> _What the task asks_: Transcribe every entry word for word, but skip the images.

(Captioned web image data)

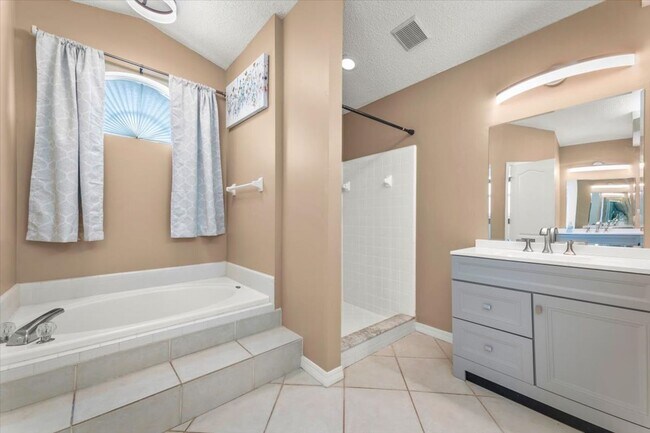Building Photo - Beautiful 4BR Home with Fireplace, Screene...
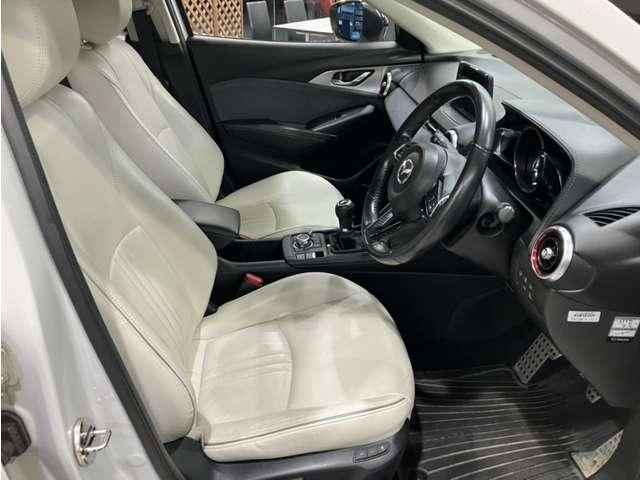 CX-3 1.8 XD Lパッケージ ディーゼルターボ 4WD 全方位モニタ マニュアルトランスミッショ ターボ レーダークルーズ 360°モニター スマートキー 前席シートヒーター ETC 4WD パーキングセンサー フルセグ 電動シート Aストップ AW(18枚目)
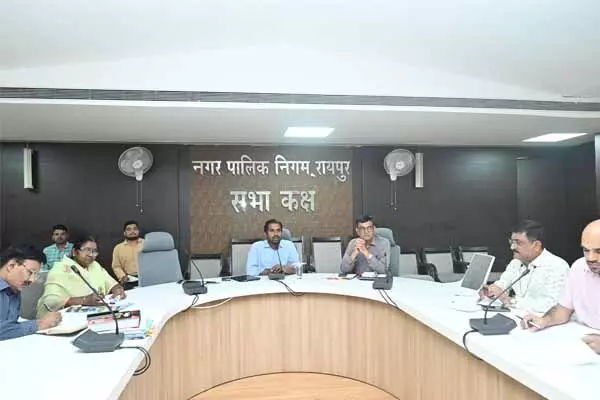 Raipur News: अवैध प्लांटिंग पर निगम सख्त: आयुक्त अबिनाश का निर्देश, पार्किंग में गोदाम बनाने वालों पर होगी कार्रवाई
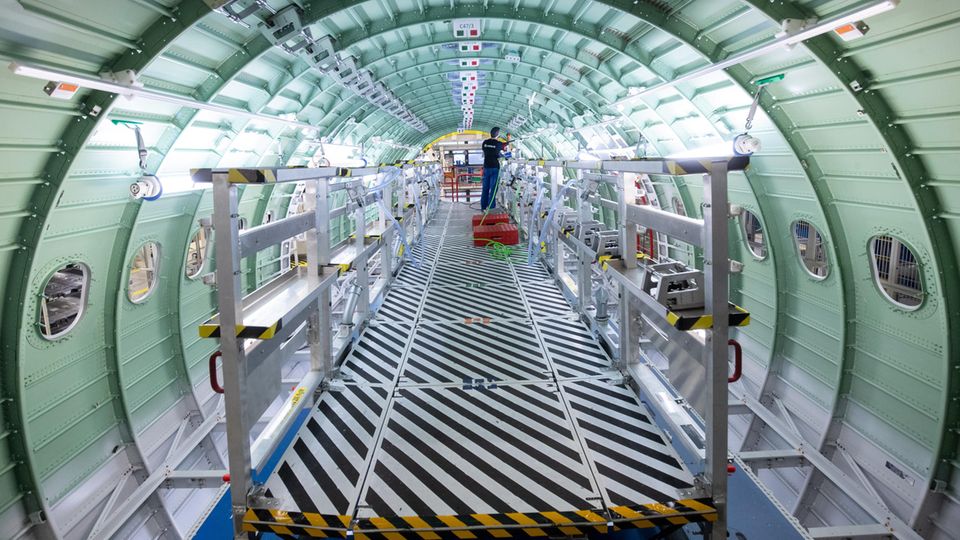 Ein Airbus-Techniker in einem Rumpfsegment in der neuen Strukturmontage der Airbus A320-Familie in Hangar 245 im Werk Hamburg-Finkenwerder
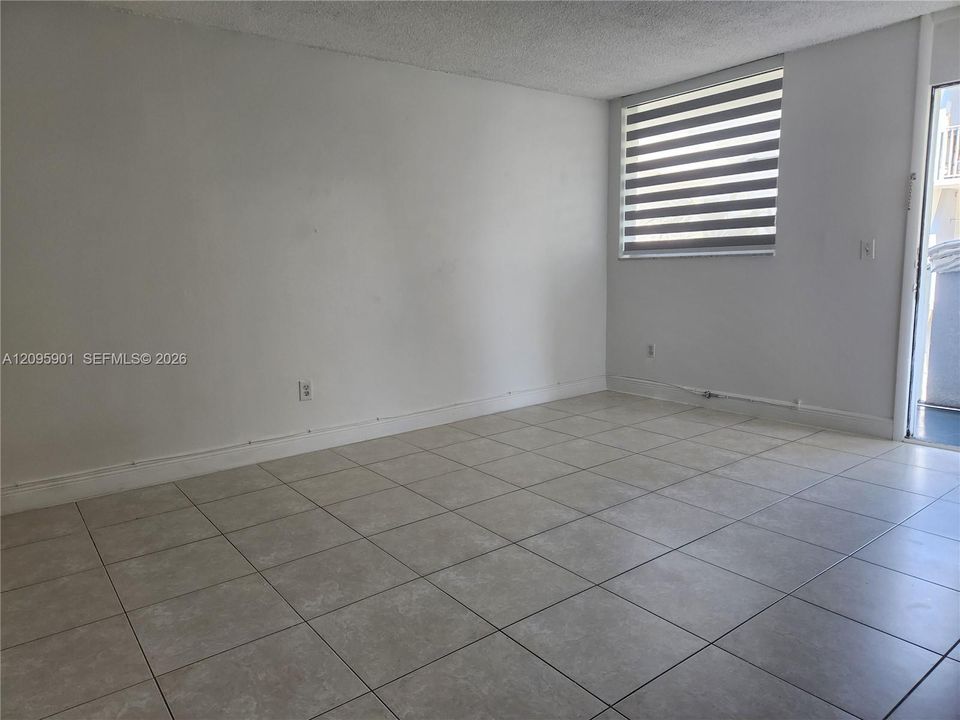 For Rent: $1,800 (1 beds, 1 baths, 620 Square Feet)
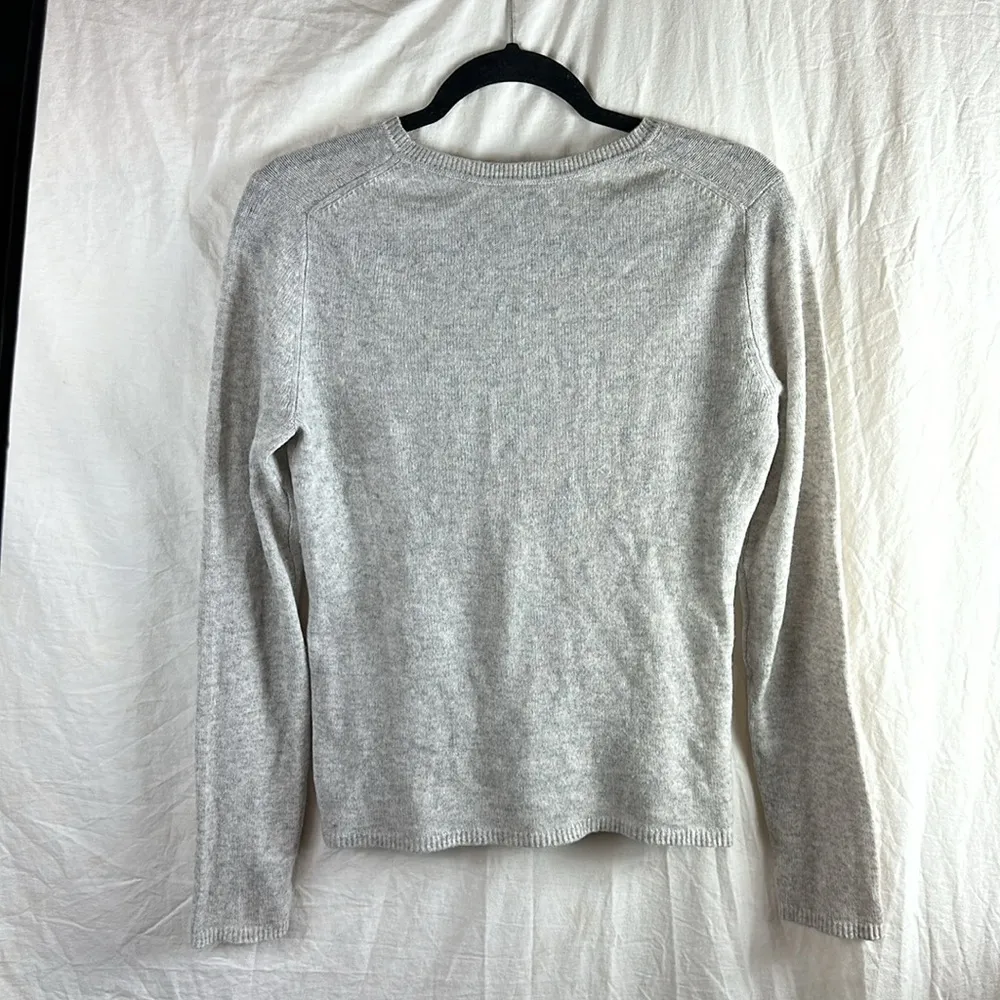 Adrienne Vittadini  2 Ply 100% Cashmere Crew Neck Soft Gray Sweater Size Large - Image 5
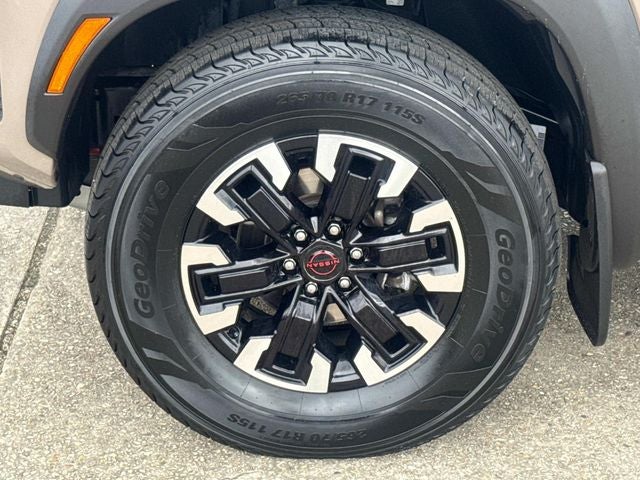 2024 Nissan Frontier PRO-4X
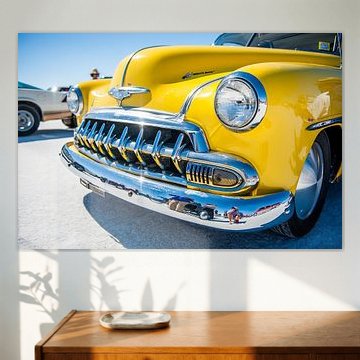 Gros plan sur une Chevrolet jaune vif sur des salines blanches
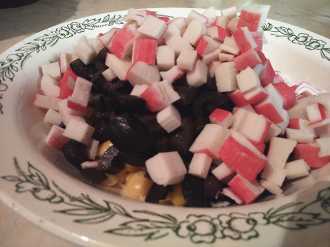 добавляем нарезанные кубики к маслинам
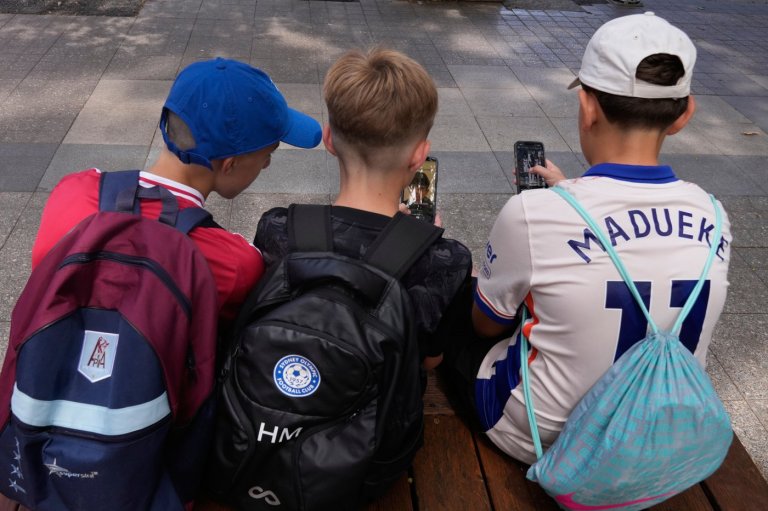 French lawmakers adopt a sweeping social media ban for children under 15 | iNFOnews.ca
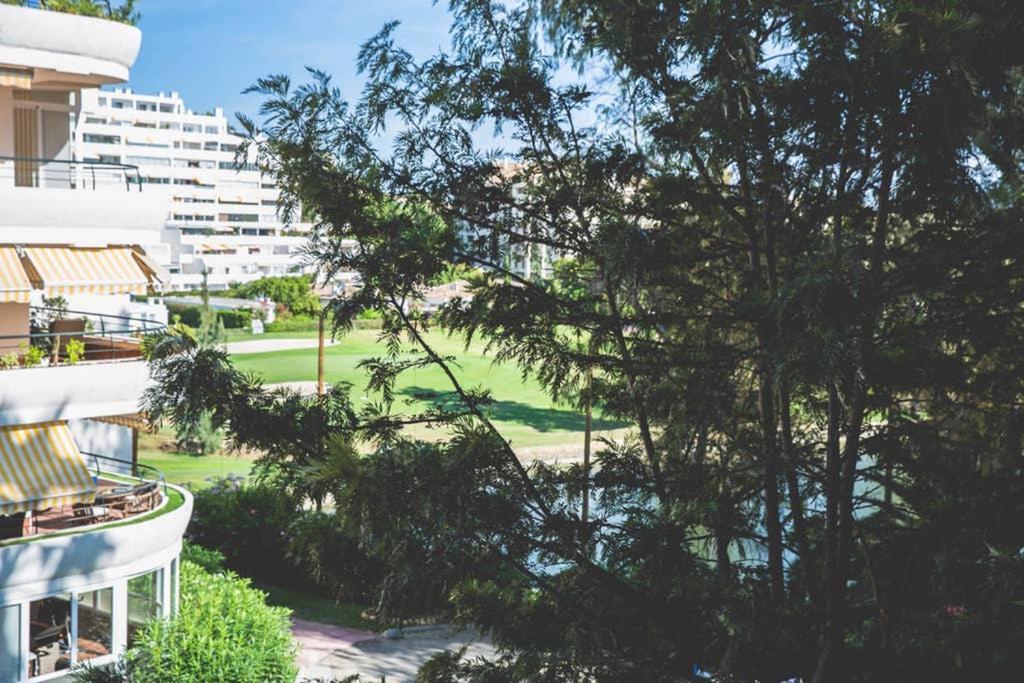Espacioso En Guadalmina - Apartamento *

> _Expected answer_:
Building Photo - Beautiful 4BR Home with Fireplace, Screene...
 CX-3 1.8 XD Lパッケージ ディーゼルターボ 4WD 全方位モニタ マニュアルトランスミッショ ターボ レーダークルーズ 360°モニター スマートキー 前席シートヒーター ETC 4WD パーキングセンサー フルセグ 電動シート Aストップ AW(18枚目)
 Raipur News: अवैध प्लांटिंग पर निगम सख्त: आयुक्त अबिनाश का निर्देश, पार्किंग में गोदाम बनाने वालों पर होगी कार्रवाई
 Ein Airbus-Techniker in einem Rumpfsegment in der neuen Strukturmontage der Airbus A320-Familie in Hangar 245 im Werk Hamburg-Finkenwerder
 For Rent: $1,800 (1 beds, 1 baths, 620 Square Feet)
 Adrienne Vittadini  2 Ply 100% Cashmere Crew Neck Soft Gray Sweater Size Large - Image 5
 2024 Nissan Frontier PRO-4X
 Gros plan sur une Chevrolet jaune vif sur des salines blanches
 добавляем нарезанные кубики к маслинам
 French lawmakers adopt a sweeping social media ban for children under 15 | iNFOnews.ca
Espacioso En Guadalmina - Apartamento *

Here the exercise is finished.